**** SOURCE DATA ****

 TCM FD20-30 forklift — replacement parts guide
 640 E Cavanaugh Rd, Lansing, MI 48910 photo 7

****
**** SOURCE DATA ****

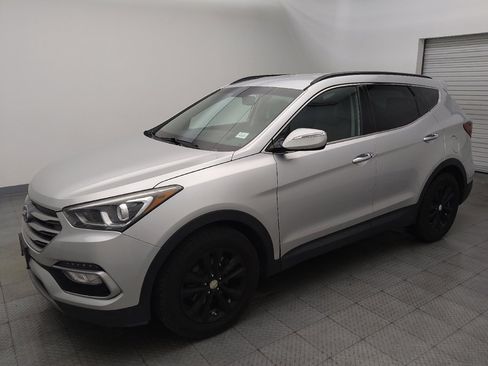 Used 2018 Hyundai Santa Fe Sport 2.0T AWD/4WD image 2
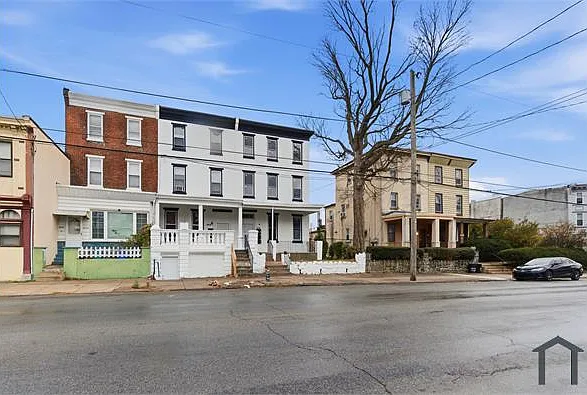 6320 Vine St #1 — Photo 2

****
**** SOURCE DATA ****

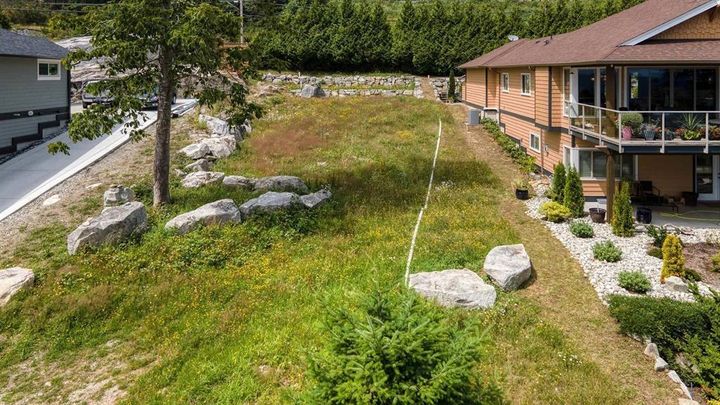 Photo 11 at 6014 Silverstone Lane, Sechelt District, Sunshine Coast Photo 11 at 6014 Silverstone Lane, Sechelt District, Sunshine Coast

****

**WHAT IS BEING ASKED**
What to print is the stretch of entries from the line with "Used 2018 Hyundai" up to and including the line with "6320 Vine St #1 — Photo 2". Please print it exactly and leave out the pictures.

**FINISHED TASK**
 Used 2018 Hyundai Santa Fe Sport 2.0T AWD/4WD image 2
 6320 Vine St #1 — Photo 2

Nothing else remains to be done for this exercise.